Nos mères, sœurs, épouses sont les plus exposées à la pauvreté parce qu’elles n’ont pas accès aux facteurs de production. Elles souffrent d’un manque de compétences qui limite leur productivité dans l’agriculture, un secteur qui occupe pourtant à lui seul 80% de la population active. Certes, grâce au Plan national de développement sanitaire, le taux d’accouchements assistés est passé de 54% en 2006 à 70,7% en 2009, mais le taux de mortalité maternelle reste encore élevé surtout en milieu rural. « Une femme meurt toutes les cinq heures suite à une complication liée à la grossesse, à l’accouchement ou des suites de couche, et le taux moyen de morbidité qui est de 5,8%, concerne plus les femmes que les hommes », a révélé l’épouse du président, Chantal Compaoré dans son discours du 8 mars 2012 à Dédougou.

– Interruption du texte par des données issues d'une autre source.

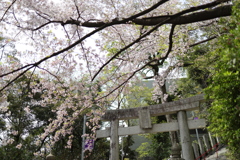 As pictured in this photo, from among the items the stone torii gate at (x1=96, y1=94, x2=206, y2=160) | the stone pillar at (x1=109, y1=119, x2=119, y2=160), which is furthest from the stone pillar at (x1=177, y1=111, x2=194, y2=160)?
the stone pillar at (x1=109, y1=119, x2=119, y2=160)

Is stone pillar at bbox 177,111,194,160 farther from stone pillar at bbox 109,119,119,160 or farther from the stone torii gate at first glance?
stone pillar at bbox 109,119,119,160

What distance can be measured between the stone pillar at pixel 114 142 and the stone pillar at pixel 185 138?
214cm

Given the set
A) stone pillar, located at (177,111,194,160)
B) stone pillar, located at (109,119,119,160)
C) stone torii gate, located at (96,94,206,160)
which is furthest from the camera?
stone pillar, located at (109,119,119,160)

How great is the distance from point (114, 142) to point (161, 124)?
1.72 metres

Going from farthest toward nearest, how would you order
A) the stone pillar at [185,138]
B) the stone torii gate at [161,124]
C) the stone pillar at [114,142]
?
1. the stone pillar at [114,142]
2. the stone torii gate at [161,124]
3. the stone pillar at [185,138]

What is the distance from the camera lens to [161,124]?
6.44 metres

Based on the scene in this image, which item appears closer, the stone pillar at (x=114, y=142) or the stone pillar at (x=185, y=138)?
the stone pillar at (x=185, y=138)

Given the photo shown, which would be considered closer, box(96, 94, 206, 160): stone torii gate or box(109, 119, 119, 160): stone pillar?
box(96, 94, 206, 160): stone torii gate

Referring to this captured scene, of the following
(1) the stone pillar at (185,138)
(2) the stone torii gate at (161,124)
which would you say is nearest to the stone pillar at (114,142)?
(2) the stone torii gate at (161,124)

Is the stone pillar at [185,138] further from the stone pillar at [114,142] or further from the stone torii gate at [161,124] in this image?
the stone pillar at [114,142]

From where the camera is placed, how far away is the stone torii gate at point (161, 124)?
20.0 ft

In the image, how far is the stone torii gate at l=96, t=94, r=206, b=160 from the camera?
6094mm

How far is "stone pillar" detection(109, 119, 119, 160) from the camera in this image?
6.32 metres

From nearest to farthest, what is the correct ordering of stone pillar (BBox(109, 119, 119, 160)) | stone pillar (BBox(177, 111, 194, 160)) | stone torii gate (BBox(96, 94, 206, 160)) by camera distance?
stone pillar (BBox(177, 111, 194, 160)) < stone torii gate (BBox(96, 94, 206, 160)) < stone pillar (BBox(109, 119, 119, 160))
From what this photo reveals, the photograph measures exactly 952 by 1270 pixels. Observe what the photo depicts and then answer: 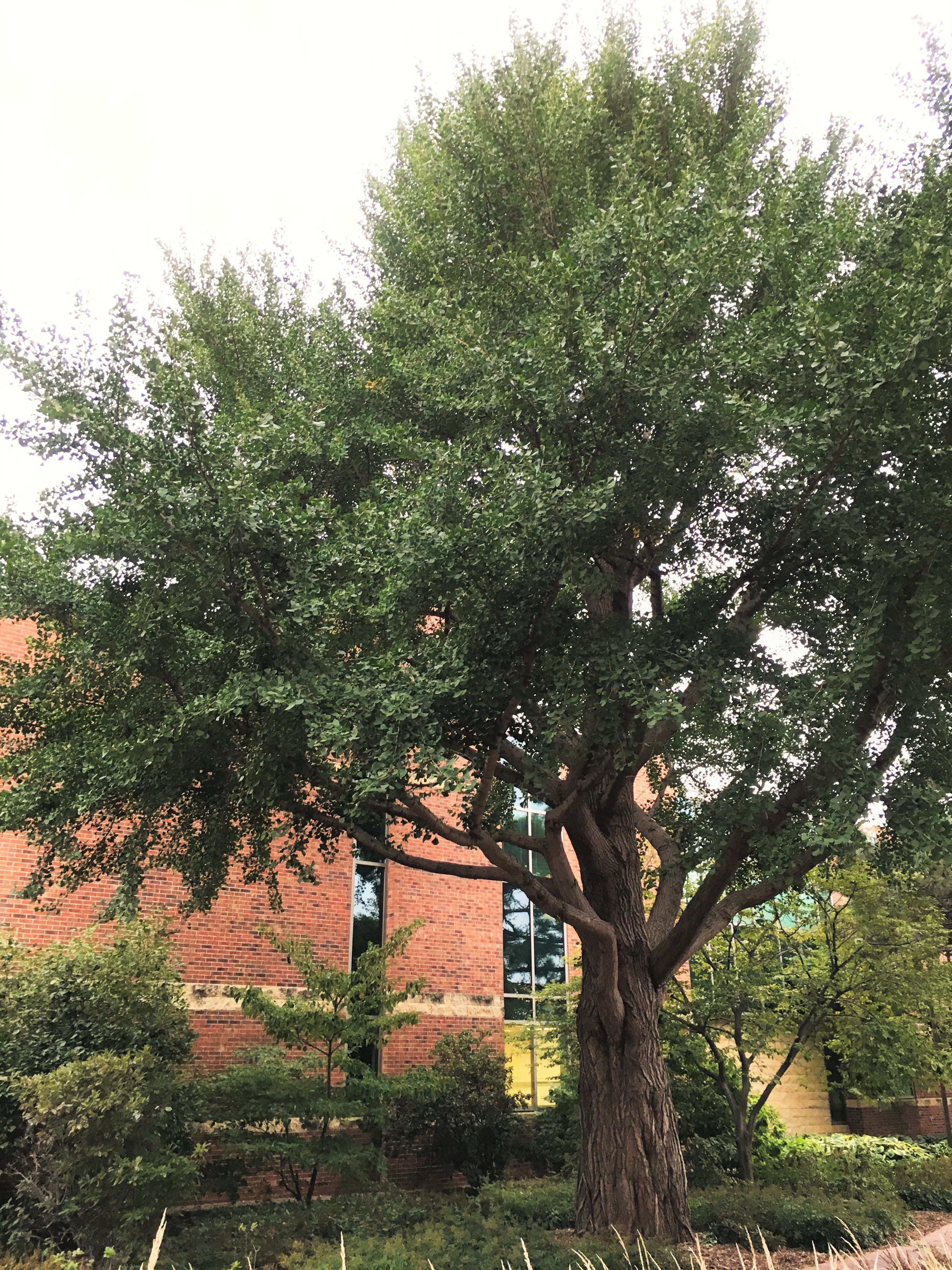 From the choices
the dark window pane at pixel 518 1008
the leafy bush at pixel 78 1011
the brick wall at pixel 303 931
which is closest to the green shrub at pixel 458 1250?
the leafy bush at pixel 78 1011

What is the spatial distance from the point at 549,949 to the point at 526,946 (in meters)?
0.60

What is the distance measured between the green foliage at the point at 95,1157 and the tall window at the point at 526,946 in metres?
10.1

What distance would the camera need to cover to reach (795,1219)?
34.7 feet

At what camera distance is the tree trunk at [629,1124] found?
921cm

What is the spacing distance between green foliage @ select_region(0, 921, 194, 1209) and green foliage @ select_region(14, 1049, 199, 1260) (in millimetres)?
706

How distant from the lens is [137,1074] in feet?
30.4

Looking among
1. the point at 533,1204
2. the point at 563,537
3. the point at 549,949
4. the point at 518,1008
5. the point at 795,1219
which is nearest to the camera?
the point at 563,537

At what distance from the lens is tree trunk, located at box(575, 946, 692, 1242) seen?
9211mm

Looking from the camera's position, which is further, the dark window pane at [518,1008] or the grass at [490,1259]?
the dark window pane at [518,1008]

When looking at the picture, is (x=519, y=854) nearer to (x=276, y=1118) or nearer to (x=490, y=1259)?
(x=276, y=1118)

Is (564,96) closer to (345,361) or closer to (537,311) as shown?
(537,311)

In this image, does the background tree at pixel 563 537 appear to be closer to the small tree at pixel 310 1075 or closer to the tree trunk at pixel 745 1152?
the small tree at pixel 310 1075

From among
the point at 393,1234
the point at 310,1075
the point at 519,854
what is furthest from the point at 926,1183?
the point at 310,1075

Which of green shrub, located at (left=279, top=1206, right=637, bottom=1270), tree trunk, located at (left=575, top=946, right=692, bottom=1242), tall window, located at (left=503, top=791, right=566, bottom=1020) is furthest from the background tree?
tall window, located at (left=503, top=791, right=566, bottom=1020) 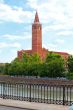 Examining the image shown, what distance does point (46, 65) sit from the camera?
77.6 meters

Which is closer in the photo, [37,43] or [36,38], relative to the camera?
[37,43]

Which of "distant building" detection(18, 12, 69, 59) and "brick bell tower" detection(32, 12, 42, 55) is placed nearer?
"distant building" detection(18, 12, 69, 59)

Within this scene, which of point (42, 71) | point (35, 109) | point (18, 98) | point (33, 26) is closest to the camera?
point (35, 109)

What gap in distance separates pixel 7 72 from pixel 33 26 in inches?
2463

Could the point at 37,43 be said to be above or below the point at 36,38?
below

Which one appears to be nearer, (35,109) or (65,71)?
(35,109)

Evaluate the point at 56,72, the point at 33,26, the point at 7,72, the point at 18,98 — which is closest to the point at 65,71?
the point at 56,72

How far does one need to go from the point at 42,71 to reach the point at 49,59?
5.73m

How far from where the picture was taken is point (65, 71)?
7612 centimetres

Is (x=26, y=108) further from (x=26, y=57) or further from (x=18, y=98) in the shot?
(x=26, y=57)

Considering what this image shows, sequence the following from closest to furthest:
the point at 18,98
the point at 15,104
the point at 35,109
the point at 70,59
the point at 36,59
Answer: the point at 35,109
the point at 15,104
the point at 18,98
the point at 70,59
the point at 36,59

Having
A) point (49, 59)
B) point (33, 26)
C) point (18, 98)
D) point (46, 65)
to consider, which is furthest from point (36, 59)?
point (18, 98)

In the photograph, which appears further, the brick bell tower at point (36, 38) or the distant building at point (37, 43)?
the brick bell tower at point (36, 38)

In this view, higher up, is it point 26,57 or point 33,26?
point 33,26
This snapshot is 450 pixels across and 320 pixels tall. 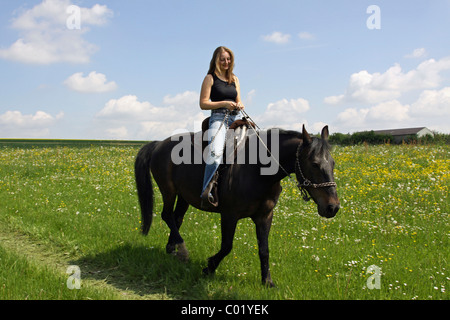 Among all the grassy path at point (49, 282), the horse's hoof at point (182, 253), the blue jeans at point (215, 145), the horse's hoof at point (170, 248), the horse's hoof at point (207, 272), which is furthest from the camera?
the horse's hoof at point (170, 248)

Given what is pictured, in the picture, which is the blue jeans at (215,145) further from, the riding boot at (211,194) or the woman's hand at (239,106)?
the woman's hand at (239,106)

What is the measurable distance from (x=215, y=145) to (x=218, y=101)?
2.93 ft

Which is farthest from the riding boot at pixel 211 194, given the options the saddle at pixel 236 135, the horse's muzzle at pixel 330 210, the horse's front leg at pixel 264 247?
the horse's muzzle at pixel 330 210

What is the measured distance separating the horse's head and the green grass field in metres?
1.43

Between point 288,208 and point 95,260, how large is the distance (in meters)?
5.49

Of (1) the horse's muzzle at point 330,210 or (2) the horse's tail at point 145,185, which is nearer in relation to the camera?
(1) the horse's muzzle at point 330,210

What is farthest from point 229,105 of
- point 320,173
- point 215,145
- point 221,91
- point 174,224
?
point 174,224

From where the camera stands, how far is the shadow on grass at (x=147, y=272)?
541cm

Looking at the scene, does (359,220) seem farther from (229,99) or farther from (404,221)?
(229,99)

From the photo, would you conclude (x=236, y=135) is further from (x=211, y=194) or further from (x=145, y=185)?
(x=145, y=185)

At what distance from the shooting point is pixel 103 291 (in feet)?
16.4

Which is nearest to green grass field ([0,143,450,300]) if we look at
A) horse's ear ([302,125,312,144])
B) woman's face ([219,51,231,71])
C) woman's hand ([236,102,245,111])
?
horse's ear ([302,125,312,144])

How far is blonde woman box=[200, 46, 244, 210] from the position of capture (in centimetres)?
554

Avec 307 décès pour 100 000 naissances, il est quasi impossible pour le Burkina atteindre l’objectif de 101 décès pour 100 000 naissances d’ici 2015 comme le recommandent les Objectifs du Millénaire pour le développement (OMD). Dans le secteur de l’éducation, le rapport 2007 de la Banque africaine de développement et du Centre de développement et de coopération économique de l’OCDE, montre que l’accès et le maintien dans l’éducation primaire est relativement plus faible chez les filles que chez les garçons. 59% de garçons étaient scolarisés contre 47% de filles, tandis que 70,6% des hommes de 15 ans étaient analphabètes en 2004 contre 84,8% chez les femmes.

Dans l’axe 4, la SCADD reprend à son compte les grandes lignes de la PNG : faciliter l’accès équitable-mais pas égal (c’est moi qui souligne) aux services de base aux hommes et aux femmes, promouvoir l’accès aux ressources et aux revenus à tous. Il y est question aussi d’éliminer les violences faites aux femmes et encourager les partenariats en faveur du Genre.

Dire qu’il y a une reproduction des inégalités sexo-spécifiques dans l’accès au pouvoir, c’est enfoncer des portes déjà grandement ouvertes. Entre 1959 et 2002, 537 hommes ont siégé au parlement contre seulement 30 femmes et aux dernières élections de décembre 2012, la loi sur les quotas genre de 30% a été littéralement foulée aux pieds par tous les partis politiques.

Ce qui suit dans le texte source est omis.